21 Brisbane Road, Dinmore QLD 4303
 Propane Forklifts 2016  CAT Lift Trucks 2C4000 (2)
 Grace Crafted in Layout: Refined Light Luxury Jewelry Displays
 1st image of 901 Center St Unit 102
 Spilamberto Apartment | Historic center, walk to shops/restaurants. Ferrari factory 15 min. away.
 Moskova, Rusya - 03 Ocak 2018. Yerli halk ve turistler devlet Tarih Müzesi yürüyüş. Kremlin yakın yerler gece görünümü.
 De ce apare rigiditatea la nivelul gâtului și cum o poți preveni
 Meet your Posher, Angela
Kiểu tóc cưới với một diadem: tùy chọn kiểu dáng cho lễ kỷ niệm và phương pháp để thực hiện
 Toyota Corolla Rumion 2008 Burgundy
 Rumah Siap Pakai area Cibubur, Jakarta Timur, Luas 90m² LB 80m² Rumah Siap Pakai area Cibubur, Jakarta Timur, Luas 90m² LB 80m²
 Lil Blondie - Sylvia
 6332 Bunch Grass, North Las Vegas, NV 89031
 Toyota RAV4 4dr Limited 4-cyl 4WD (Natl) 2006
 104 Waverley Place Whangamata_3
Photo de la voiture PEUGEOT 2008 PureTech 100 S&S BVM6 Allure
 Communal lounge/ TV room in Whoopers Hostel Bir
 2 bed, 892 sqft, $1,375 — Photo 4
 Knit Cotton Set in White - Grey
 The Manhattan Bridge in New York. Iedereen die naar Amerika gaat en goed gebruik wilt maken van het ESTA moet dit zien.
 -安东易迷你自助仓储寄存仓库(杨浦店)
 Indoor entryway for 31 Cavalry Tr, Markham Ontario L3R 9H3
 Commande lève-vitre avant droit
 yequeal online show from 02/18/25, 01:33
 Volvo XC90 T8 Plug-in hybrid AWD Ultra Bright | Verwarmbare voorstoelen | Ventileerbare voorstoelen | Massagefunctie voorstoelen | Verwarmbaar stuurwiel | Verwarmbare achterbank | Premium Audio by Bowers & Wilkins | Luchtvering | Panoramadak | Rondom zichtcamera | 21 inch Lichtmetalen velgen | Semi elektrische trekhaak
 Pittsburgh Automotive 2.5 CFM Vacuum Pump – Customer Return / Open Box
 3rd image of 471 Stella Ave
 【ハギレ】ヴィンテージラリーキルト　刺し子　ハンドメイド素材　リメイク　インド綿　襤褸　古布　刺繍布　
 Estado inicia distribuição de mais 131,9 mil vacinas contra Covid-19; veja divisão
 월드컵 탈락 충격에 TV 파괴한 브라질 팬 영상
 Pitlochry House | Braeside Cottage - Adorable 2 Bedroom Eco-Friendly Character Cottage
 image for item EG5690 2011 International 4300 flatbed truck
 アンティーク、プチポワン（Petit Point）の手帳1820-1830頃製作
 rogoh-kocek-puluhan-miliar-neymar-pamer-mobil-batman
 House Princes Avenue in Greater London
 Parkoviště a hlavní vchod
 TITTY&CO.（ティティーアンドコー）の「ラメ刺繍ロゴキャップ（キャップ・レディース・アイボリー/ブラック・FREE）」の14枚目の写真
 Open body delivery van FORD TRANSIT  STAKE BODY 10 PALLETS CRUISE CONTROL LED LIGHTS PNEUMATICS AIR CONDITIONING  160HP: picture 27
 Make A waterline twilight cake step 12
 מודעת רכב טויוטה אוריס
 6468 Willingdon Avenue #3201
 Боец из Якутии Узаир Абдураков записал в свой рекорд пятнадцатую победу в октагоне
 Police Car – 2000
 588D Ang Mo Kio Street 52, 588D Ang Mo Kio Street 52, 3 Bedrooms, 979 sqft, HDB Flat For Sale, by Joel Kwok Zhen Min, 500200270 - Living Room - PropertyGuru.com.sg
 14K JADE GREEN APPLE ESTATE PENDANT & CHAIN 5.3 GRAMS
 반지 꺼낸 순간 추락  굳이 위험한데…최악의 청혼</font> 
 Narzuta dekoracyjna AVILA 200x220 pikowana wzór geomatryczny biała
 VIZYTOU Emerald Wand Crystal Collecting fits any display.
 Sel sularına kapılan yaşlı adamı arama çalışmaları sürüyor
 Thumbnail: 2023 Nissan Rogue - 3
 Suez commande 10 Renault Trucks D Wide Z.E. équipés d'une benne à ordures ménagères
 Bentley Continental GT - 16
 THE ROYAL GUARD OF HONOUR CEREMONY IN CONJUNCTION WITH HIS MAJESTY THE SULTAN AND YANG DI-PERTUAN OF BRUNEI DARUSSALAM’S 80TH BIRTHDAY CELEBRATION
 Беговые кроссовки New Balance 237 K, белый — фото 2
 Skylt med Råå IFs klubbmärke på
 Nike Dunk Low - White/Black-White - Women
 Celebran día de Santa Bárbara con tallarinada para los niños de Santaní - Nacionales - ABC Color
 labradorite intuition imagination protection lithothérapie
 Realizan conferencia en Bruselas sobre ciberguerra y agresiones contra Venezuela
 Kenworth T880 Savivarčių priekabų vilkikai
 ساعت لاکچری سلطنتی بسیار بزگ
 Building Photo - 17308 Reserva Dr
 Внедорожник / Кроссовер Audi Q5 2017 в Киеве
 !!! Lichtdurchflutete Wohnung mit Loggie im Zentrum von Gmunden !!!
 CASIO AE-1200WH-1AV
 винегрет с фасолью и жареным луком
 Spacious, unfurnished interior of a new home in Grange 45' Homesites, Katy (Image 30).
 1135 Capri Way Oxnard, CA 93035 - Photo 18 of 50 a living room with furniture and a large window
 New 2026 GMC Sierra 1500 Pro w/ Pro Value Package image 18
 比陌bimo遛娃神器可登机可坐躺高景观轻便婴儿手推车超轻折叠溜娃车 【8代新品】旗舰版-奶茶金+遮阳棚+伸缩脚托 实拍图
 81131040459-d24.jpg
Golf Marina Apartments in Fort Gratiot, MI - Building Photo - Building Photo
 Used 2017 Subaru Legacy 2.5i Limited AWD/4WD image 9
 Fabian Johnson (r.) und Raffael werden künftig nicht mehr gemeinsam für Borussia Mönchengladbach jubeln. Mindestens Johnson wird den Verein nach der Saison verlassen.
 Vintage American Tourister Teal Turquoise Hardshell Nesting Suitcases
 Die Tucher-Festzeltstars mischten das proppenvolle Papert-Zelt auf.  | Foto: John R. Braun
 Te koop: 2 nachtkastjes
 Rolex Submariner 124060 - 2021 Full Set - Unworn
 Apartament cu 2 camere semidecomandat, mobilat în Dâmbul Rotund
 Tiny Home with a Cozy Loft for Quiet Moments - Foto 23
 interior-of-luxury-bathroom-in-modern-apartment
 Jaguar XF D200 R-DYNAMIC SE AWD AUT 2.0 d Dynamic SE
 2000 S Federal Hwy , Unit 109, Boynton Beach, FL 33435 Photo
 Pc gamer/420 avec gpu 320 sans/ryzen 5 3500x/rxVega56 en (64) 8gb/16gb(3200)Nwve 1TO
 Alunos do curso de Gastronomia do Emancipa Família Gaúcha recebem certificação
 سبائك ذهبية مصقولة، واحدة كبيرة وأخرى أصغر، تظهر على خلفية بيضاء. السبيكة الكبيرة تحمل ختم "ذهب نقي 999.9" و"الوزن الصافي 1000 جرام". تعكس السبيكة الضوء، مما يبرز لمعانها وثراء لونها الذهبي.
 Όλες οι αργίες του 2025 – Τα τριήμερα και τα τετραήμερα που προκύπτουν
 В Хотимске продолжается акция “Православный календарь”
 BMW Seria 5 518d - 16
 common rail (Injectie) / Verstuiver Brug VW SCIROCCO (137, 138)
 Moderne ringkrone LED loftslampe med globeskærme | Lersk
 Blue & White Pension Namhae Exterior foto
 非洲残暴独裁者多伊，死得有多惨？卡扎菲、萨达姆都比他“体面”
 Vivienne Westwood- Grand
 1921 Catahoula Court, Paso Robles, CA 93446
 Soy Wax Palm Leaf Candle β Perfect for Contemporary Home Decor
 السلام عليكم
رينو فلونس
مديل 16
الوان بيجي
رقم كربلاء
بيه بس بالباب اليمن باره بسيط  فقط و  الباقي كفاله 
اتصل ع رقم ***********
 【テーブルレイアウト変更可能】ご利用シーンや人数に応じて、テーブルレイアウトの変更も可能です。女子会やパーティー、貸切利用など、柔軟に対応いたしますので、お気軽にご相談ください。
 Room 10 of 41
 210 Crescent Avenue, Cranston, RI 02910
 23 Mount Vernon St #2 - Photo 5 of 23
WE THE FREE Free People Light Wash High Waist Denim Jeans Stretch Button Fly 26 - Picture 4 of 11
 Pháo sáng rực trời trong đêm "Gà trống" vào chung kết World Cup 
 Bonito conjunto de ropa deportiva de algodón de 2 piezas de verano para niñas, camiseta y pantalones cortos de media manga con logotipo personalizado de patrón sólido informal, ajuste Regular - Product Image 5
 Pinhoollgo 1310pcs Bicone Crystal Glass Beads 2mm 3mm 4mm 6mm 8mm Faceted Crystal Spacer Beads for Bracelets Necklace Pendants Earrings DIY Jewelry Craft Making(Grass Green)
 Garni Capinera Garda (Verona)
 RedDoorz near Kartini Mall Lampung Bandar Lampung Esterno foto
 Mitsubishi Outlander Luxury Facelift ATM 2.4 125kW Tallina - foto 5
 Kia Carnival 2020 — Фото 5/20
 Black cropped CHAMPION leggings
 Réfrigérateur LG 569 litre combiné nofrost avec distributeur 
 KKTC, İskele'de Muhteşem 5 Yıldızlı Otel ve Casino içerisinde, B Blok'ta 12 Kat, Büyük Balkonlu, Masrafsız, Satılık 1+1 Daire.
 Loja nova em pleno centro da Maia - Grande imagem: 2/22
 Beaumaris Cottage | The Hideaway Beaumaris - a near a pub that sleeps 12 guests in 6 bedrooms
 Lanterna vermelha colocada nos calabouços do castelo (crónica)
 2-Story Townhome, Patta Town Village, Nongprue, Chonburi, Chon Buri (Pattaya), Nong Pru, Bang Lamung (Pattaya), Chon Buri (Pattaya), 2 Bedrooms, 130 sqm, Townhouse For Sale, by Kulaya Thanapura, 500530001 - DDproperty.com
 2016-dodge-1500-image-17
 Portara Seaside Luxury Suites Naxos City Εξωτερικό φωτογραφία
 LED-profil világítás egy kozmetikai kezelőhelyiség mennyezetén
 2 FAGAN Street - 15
▬▬▬▬▬▬
### Work instructions
Check each line of the entries for the string "interior". Copy the lines that have it.

### Solution to the exercise
 Spacious, unfurnished interior of a new home in Grange 45' Homesites, Katy (Image 30).
 interior-of-luxury-bathroom-in-modern-apartment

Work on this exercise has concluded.